Todos ellos estaban relacionados con el mundo del hampa. Hacía apenas un momento, había editado un mensaje de texto y se lo había enviado al teléfono de un miembro importante de la Sociedad Bambú Verde, un capo que trabajaba en el Hotel Phoenix.
¡Él presenció personalmente cómo ese anciano abofeteaba a alguien hasta matarlo!
¡Es absolutamente impactante!
"Así que eres su jefe, chico. Pensaba que eras alguien importante. ¡Me estaba preocupando por nada, jaja!"
“Así es. Seguimos teniendo al Sr. Tang Peng supervisando las cosas, pero creo que no necesitamos que tome ninguna medida.”
Los secuaces que acompañaban a Liu Hou tenían expresiones burlonas y no dejaban de gritar.
¡Cállate! ¿Qué sabes tú? ¡Este tipo ni siquiera es rival para nuestro Rey Mono! ¡Subestimarlo ahora solo nos llevará a una muerte terrible! —gritó con severidad uno de los subordinados presentes ese día.
"¡¿Qué?!"
Al oír esto, los subordinados se quedaron atónitos, se miraron unos a otros y dijeron al unísono.
“Es cierto, pero ahora somos más que él, ¡no puede ser rival para nosotros!”, dijo Six Monkeys con frialdad y semblante sombrío.
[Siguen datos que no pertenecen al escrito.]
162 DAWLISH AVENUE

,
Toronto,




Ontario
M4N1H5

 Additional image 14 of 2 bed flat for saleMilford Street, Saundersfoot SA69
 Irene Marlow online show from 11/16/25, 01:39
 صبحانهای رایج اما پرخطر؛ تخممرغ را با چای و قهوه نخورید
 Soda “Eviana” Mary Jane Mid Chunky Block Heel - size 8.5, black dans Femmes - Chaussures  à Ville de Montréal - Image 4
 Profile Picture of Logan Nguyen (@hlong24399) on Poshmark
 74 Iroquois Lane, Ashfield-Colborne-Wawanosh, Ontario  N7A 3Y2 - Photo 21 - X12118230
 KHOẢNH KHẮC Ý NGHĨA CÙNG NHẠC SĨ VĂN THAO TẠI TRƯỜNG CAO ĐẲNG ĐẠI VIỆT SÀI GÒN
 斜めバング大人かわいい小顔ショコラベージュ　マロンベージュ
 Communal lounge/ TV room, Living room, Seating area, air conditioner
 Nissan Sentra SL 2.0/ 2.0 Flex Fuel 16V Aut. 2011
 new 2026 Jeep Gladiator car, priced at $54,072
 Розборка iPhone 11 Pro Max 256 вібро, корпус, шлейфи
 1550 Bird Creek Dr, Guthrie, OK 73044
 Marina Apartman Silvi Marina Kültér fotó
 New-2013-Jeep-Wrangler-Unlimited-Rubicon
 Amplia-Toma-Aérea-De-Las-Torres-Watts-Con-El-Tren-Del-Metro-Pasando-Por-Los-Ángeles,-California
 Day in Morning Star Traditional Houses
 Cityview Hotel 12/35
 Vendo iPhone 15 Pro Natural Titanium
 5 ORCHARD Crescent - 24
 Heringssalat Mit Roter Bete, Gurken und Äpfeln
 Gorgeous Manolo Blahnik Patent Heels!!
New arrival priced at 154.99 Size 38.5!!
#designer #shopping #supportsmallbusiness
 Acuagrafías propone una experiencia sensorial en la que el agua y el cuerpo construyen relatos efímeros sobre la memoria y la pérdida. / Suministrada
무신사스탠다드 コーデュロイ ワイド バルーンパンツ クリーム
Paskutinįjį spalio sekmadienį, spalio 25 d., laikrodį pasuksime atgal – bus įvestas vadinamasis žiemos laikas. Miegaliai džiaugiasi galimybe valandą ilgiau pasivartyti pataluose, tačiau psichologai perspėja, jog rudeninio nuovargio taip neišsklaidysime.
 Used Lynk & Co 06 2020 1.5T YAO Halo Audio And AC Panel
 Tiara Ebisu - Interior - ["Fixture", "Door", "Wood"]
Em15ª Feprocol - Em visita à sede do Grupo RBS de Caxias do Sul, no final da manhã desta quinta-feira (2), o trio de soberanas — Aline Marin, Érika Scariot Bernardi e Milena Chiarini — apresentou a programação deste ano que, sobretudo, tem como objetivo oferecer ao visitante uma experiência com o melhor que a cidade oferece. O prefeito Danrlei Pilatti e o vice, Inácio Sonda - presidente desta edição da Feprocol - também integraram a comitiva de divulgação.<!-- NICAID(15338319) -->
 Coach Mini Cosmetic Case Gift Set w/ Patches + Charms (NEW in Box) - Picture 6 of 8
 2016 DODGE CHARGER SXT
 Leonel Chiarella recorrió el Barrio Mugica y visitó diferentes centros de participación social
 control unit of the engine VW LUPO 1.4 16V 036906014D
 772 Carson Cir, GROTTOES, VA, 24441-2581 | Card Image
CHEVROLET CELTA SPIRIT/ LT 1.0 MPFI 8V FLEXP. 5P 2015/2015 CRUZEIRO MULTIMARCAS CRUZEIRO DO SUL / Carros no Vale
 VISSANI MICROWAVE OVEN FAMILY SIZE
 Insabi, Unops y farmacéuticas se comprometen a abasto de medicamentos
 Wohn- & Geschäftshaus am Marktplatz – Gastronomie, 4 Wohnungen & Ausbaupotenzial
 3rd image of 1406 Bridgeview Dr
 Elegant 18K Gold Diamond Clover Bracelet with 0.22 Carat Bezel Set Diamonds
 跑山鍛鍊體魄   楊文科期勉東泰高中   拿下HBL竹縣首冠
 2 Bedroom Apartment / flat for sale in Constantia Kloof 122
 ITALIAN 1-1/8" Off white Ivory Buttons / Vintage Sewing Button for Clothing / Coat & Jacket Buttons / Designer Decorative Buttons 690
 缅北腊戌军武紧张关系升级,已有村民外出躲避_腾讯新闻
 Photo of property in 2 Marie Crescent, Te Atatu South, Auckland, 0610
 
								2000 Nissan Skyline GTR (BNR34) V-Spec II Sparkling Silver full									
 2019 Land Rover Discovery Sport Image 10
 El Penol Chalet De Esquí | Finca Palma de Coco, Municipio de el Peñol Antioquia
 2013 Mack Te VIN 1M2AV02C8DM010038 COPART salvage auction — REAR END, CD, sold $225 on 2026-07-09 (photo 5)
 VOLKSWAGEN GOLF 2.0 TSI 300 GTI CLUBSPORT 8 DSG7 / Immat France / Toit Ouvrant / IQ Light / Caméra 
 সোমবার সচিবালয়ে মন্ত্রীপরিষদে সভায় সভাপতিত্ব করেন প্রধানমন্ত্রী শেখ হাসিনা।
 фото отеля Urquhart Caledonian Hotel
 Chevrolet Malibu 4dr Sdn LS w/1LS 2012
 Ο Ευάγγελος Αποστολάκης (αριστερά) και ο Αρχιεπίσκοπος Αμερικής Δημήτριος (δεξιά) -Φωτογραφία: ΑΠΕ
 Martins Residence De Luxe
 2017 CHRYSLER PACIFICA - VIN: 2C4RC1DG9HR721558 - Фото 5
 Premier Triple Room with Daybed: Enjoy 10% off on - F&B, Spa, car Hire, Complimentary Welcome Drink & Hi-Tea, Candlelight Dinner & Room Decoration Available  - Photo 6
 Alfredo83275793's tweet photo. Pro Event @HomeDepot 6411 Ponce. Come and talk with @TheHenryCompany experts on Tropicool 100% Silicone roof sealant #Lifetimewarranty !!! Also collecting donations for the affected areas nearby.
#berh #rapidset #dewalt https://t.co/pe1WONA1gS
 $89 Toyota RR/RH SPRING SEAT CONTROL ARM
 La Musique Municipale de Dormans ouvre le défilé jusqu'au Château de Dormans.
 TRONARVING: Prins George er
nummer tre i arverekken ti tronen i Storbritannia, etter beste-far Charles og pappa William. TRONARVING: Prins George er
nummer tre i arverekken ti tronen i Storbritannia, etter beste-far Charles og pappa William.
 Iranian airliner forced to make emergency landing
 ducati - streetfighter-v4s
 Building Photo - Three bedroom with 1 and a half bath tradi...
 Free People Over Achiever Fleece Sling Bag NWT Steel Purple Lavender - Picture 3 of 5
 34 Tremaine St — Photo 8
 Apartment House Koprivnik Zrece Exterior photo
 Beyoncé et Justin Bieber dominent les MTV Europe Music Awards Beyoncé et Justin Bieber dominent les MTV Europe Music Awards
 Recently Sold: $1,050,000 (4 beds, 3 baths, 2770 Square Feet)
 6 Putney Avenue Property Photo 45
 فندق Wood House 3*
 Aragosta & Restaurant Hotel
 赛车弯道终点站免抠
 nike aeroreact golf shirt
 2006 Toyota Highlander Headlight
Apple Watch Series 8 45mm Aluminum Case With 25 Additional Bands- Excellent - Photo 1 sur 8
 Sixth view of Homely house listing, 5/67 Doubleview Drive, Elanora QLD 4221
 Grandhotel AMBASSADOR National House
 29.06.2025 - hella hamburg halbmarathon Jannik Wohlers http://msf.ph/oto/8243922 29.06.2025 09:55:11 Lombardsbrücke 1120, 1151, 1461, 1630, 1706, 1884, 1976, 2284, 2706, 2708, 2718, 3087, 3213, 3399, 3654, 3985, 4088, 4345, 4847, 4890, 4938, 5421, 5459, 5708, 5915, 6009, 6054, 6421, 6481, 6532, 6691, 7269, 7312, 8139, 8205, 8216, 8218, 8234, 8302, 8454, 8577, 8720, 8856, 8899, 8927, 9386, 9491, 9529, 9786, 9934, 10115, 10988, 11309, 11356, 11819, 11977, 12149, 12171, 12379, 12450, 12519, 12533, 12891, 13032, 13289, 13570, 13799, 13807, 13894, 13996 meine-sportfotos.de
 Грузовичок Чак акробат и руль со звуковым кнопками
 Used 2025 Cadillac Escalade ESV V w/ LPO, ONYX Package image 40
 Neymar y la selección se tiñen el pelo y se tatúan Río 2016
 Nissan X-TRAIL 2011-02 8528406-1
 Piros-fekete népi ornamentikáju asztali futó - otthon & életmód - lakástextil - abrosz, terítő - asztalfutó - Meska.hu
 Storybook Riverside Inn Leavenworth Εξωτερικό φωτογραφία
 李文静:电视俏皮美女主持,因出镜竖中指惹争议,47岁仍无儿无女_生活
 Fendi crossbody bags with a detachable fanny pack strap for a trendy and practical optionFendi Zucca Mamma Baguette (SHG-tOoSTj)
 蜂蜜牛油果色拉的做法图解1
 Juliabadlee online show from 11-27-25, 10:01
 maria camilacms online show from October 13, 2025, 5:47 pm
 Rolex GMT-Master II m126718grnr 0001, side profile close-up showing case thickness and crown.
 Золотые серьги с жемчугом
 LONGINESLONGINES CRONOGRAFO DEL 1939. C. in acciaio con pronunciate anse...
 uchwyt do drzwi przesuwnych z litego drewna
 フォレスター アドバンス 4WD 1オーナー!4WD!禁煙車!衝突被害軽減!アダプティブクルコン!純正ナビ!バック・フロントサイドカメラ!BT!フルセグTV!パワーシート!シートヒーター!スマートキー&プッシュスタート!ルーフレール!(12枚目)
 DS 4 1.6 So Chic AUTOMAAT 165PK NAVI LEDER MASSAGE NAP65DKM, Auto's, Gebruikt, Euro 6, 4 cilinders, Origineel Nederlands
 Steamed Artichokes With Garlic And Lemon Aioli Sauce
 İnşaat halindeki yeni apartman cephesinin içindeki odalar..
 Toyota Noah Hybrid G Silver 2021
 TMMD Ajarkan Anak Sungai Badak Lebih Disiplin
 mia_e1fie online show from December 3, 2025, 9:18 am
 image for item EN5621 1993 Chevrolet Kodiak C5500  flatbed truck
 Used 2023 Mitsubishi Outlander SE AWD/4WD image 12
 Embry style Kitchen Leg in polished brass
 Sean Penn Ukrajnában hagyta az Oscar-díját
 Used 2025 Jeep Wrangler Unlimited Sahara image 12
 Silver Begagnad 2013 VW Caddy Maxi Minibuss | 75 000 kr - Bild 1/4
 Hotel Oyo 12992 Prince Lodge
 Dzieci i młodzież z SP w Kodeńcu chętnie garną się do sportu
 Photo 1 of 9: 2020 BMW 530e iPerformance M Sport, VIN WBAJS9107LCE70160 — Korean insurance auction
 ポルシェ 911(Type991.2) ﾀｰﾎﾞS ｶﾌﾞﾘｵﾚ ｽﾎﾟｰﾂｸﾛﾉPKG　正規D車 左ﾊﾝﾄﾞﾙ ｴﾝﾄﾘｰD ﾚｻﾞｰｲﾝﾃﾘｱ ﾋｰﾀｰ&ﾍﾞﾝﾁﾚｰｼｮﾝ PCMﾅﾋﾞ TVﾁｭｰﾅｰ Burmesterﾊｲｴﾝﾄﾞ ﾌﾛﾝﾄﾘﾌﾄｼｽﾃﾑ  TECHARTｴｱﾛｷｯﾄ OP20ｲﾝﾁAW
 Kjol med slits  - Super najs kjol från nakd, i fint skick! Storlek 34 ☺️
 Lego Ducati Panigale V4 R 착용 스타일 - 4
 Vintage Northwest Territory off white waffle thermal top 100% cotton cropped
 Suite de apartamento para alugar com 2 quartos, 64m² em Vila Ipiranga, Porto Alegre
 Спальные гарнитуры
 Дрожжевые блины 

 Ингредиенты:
"Shh—" Yang Feng hizo un gesto, y la intención asesina en sus ojos aumentó gradualmente. ¡En ese momento, la aterradora intención asesina en su cuerpo estalló repentinamente!
Todo el aparcamiento subterráneo parecía estar envuelto por su intención asesina, y todos los presentes temblaban ligeramente, con la sensación de que no podían respirar.
"¡Habéis dicho demasiadas tonterías! ¡Ahora, todos vosotros, morid!"
En cuanto terminó de hablar, Yang Feng saltó repentinamente, agitó la mano y, como por arte de magia, aparecieron docenas de relucientes agujas plateadas.
Inmediatamente después, docenas de agujas plateadas salieron disparadas, transformándose en varios haces de luz, ¡como una doncella celestial esparciendo flores!
Antes de que los hombres de Liu Hou pudieran reaccionar, más de una docena de sus subordinados cayeron al suelo.
Todos los presentes quedaron atónitos. ¿Qué clase de método era ese?
Este es realmente un caso de morir sin siquiera saber cómo.